An “independent” director is one who has no relationship with the company, its related corporations, its 10 per cent shareholders or its officers that could interfere, or be reasonably perceived to interfere, with the exercise of the director’s independent business judgement with a view to the best interests of the company, according to the Singapore Exchange (SGX).

For companies listed on SGX, the SGX stipulated, “There should be a strong and independent element on the Board, which is able to exercise objective judgement on corporate affairs independently, in particular, from Management and 10 per cent shareholders.”

For Singapore-listed firms, SGX requires independent directors should make up at least half the board where the chairman and CEO are the same person or the chairman and CEO are immediate family members. Independent directors make for better corporate governance. George Goh should understand this, since he controls several companies listed on SGX.

Walter Woon, a former attorney-general and solicitor-general of Singapore, goes further in saying the Singapore president is partly like the chairman of the audit committee of a company. The chairman of the audit committee leads the audit committee in its duties of ensuring a company’s financial statements are reliable, and the company has effective internal controls.

Similarly, the President may veto any budget or transaction if it is likely to lead to a draw on the nation’s past reserves, according to the President’s duties.

In her Facebook post on June 24, Ho Ching said the function of the president “is not to peer into the safe, but to judge if there is a real emergency, and if the amounts being asked for is reasonable as a rainy day need or even as a contingent need. So no lah! We can jaga (guard) the house without going into the house to touch the bed or inspect the bathroom, right?”

How can a president and the Council of Presidential Advisers decide whether to approve a drawdown of the nation’s past reserves, unless they know how much past reserves the country has?

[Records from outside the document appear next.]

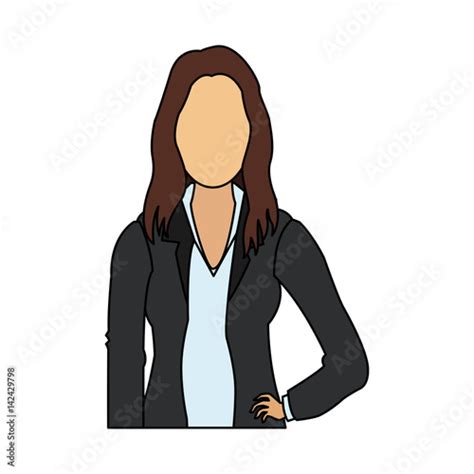 Faceless Business Woman Icon Image Vector Illustration Design Buy This Stock Vector And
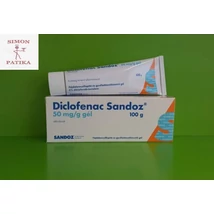Diclofenac Sandoz  50mg/g gél 100g Diclofenac Sandoz  50mg/g gél 100g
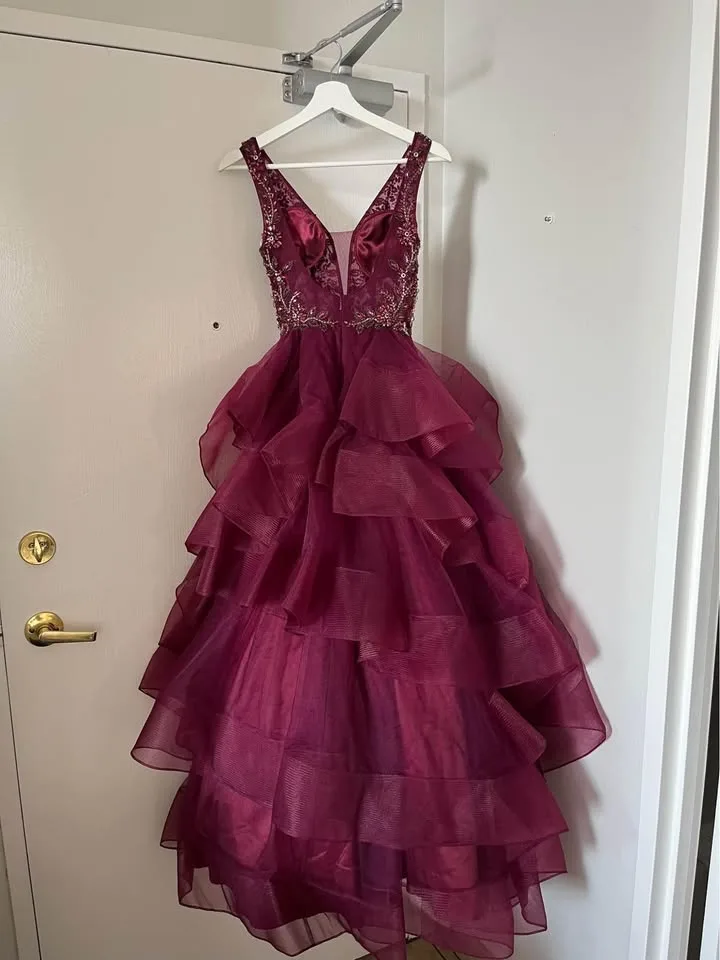 Hand-Embroidered Prom Dress image indicator(2)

Consider this hypothetical scenario of the government wanting to withdraw S$1 billion from past reserves. When the president decides whether to approve this transaction, it makes a big difference whether the nation’s past reserves is S$1 billion or S$10 trillion.

Consider another scenario of a wife asking her husband for money to buy a diamond necklace. Whether the husband agrees to his wife’s request depends on the family’s bank balance.

Thus, in order to make a sound decision on whether to allow the government to withdraw from past reserves, the president should know the situation of the past reserves.

Therefore, the Singapore president is not an adversary of the prime minister but should be independent and has the potential to check the abuses of a hypothetical bad government, regardless of which party the government belongs to.

Tharman is correct in wanting to play the role of a referee if he becomes president. The Singapore slang “referee kayu” refers to a bad referee. Let us hope Singapore’s next president will be a good referee, not a kayu referee.

Toh Han Shih is chief analyst of Headland Intelligence, a Hong Kong risk consulting firm.